Publishing Structure
Generally, Red Mole Substack publishes on a simple rhythm: Monday and Wednesday for strategic analysis, and Friday for topics supported by long-form guides. Each format serves a different reader need while maintaining the regular cadence that builds sustainable engagement.
Individual articles (Monday & Wednesday) are published as standalone pieces optimised for discovery and discussion. Friday’s guide is a curated long-form edition that may draw on topics from earlier in the week or stand independently. Some Friday editions may include exclusive content for paid subscribers. Most will be available as digital downloads.
This model reflects how most ‘serious’ weekly publications operate online: staggered publishing keeps the site active and discoverable, while a weekly event—the weekly edition—provides an organising framework that gives readers a sense of coherence and forward momentum.
What Doesn’t Change
The commitment to rigorous, primary-source-verified analysis
The Fourth Internationalist theoretical framework
The willingness to follow arguments wherever they lead
The focus on helping activists understand how to build effective movements
The Monday/Wednesday/Friday publishing schedule (with flexibility for special events)
The quality standards you’ve come to expect
What Does Change
Red Mole Substack is now explicitly positioned as one activist’s independent and focussed engagement with Fourth Internationalist theory: a Marxist’s critique of the bureaucratic left. The new name deepens that signal—this is Substack-published work by an individual, not an organizational voice or collective project.
This positioning is more honest. It’s clearer. And it better serves the left—because it means analysis can be sharp without anyone wondering who it represents.
And the new subtitle outlines the villain we’re taking on: the bureaucratic left. Our advisory board considered a number of ways to describe this: ‘conservative left’, ‘dogmatic left’, and so on. Note that it’s not “the left bureaucracy”. This substack isn’t just about the ‘lefts’ that won’t fight. It’s about the mistaken hope that there’s a substitute for grassroots power: that one party, one leader, one central bank can create socialism from above. This error drives many of the left crises and betrayals we see today.

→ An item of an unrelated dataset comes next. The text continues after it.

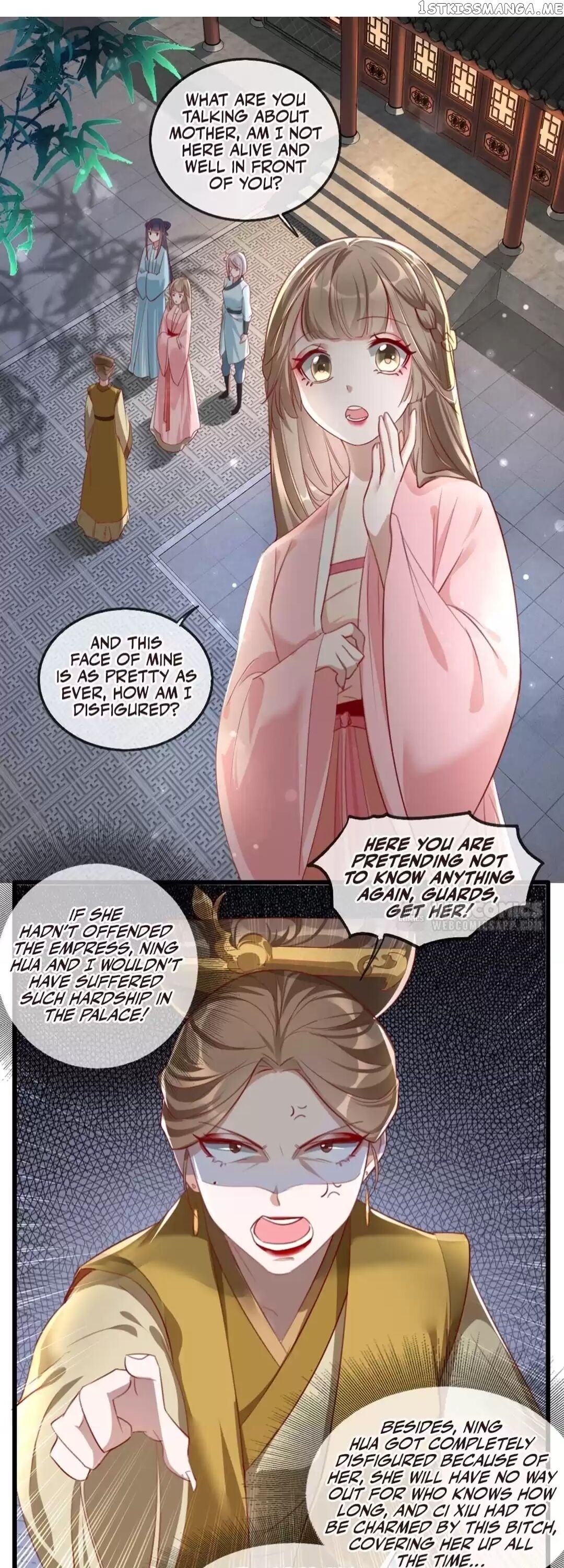 To Conquer The World With You chapter 55 - page 1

The Fourth International tradition is indispensable for understanding these contemporary left crises. That doesn’t mean every analysis of those crises speaks for the tradition itself. And there will be times when I get things wrong, and there will be times, as with my analysis of the sell-out in Venezuela, when I can be faster or sharper than an organisation’s press would normally be.
Moving Forward
We decided not to change the name fully. It was not the only option (anyone else for Mole Weekly?). But this way, all existing Red Mole content, links, and archives remain unchanged. You’ll continue receiving the same analysis at the same frequency. The updated About page, masthead, and mission page (New Readers Start Here) will reflect the new clarity, but the work itself continues without interruption.
Thank you for reading Red Mole Substack, and for helping build this genuinely international audience of activists committed to understanding how to build movements that actually win.



Thank you for clarifying the situation. Very helpful.